A lawyer involved in the case confirmed the death sentence in June, for Saeed Tamjidi, Amir-Hossein Moradi, and Mohammad Rajabi. The three had received lashes, prison sentences and a death sentence from the Revolutionary Court after numerous charges were laid against them.
At the time, it was not officially announced that the Supreme Court had decided to confirm the death sentences.
In a social media post on July 10, Mostafa Nili—a lawyer of one of the defendants—tweeted, “Unfortunately, the death sentences issued for my clients were upheld by the Supreme Court despite our appeals. To this day we have not been allowed access to the files and the case.”
He added that the verdict can be appealed.
Gholam-Hossein Esmaeili, the Judiciary spokesman denied that the decision had been upheld by the Supreme Court.
In February, the three men were sentenced to death in the Revolutionary Court under judge Abolqassem Salavati.
Salavati is notorious for issuing death sentences for regime descendants and political prisoners.
Salavati was sanctioned by the U.S. Treasury Department in Dec. 2019, for “censorship or other activities that prohibit, limit, or penalize the exercise of freedom of expression or assembly by citizens of Iran.”
During a press conference on Feb 18, 2020, Iran’s judiciary spokesperson said the three men in their 20s were “riot leaders” who “set fire to banks and petrol stations (during the November 2019 protests) and had filmed their criminal acts and sent the videos to foreign media.”

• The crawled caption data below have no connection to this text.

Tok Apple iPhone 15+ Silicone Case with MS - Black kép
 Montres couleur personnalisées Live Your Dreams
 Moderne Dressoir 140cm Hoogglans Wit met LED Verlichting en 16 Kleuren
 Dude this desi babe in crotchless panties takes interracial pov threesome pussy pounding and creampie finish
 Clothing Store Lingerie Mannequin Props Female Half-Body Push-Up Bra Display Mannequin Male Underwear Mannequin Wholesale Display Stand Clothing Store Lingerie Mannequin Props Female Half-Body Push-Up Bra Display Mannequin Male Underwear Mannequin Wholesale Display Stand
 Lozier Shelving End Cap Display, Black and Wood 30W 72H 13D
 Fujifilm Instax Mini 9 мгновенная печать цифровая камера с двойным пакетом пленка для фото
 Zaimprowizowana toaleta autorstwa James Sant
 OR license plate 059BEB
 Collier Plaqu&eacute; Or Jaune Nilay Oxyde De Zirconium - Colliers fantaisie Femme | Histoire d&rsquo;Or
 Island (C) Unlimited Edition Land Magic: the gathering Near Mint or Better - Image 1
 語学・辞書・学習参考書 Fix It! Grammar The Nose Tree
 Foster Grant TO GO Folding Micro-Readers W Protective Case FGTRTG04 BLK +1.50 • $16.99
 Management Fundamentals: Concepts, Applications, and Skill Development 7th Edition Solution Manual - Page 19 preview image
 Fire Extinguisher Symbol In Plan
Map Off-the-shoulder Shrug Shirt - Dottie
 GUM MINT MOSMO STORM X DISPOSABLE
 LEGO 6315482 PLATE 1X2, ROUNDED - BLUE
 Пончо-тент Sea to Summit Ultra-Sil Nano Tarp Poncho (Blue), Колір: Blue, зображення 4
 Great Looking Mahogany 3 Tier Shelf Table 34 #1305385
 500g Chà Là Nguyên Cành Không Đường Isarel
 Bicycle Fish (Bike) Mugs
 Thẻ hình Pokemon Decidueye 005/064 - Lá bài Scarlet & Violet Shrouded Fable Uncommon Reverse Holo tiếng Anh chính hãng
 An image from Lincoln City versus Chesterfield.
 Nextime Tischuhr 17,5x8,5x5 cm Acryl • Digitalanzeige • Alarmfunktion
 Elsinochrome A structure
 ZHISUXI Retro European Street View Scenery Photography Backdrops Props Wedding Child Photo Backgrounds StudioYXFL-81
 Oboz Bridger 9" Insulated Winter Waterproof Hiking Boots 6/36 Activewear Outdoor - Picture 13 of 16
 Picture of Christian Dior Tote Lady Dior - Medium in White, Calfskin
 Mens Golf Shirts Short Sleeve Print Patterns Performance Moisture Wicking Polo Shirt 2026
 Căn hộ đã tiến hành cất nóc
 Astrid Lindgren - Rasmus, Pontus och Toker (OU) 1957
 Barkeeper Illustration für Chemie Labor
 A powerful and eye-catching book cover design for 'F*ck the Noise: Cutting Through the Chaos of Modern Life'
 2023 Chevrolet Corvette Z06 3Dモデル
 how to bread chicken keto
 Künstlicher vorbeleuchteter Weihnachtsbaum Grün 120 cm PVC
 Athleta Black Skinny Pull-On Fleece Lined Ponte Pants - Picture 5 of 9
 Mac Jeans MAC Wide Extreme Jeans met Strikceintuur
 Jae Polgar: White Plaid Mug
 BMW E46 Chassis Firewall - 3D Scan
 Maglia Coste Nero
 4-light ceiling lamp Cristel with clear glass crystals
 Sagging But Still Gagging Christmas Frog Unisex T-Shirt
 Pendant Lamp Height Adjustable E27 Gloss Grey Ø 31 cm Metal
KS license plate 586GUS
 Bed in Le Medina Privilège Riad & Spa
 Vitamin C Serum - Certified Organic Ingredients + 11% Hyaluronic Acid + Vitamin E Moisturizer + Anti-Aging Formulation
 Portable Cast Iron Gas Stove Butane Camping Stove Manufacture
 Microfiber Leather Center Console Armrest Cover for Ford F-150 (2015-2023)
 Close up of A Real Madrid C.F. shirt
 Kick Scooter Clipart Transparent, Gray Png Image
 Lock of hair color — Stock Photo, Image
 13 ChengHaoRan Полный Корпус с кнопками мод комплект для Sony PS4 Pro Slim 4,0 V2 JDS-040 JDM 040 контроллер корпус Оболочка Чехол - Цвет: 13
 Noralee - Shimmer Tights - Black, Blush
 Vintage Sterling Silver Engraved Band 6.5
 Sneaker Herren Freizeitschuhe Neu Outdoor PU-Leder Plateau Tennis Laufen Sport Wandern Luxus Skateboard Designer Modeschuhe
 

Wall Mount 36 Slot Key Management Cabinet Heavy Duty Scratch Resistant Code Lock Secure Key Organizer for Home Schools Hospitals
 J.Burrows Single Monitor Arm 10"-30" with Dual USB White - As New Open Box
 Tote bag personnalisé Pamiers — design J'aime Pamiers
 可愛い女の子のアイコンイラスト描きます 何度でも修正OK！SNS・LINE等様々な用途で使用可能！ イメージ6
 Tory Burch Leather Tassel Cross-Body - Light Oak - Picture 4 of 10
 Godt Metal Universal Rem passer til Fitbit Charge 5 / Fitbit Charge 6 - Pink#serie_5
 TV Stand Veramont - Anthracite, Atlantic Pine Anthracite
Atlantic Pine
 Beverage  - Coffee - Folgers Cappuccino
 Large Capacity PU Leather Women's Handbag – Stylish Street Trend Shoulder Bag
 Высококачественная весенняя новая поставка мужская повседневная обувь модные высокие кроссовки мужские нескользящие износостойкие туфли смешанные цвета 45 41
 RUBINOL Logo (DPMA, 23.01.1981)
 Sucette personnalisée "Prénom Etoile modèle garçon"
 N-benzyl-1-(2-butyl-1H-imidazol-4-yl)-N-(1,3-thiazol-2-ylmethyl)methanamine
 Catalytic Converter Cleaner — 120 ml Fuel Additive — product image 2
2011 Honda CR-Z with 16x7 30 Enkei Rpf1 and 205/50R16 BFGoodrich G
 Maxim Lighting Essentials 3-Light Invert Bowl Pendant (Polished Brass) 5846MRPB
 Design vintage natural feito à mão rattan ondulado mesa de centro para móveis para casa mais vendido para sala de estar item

Additionally, the men were sentenced to 38 total years in prison along with 222 lashes related to “armed robbery” and other charges connected to previous incidents.
Amnesty International called the January 2020 trail for the three men grossly unfair.
Saeed Tamjidi, 27, and Mohammad Rajabi, 25, were arrested and held in detention on Dec. 28. 2019. They were also subject to torture including being hung upside down and beaten.
Moradi, 25, was arrested after state security forces obtained CCTV footage during the protests. The Ministry of Intelligence & Security then held him in a detention centre in Tehran for a week before he was transferred to Evin prison where he stayed for a month. He was then tortured with electric shock treatment, beatings and other forms of ill-treatment.
Each of the prisoners could not access a lawyer while the investigation is ongoing which raises concerns about due process in Iran’s courts.
The three men’s attorneys have now asked for permission to investigate and study the cases so they can properly defend them.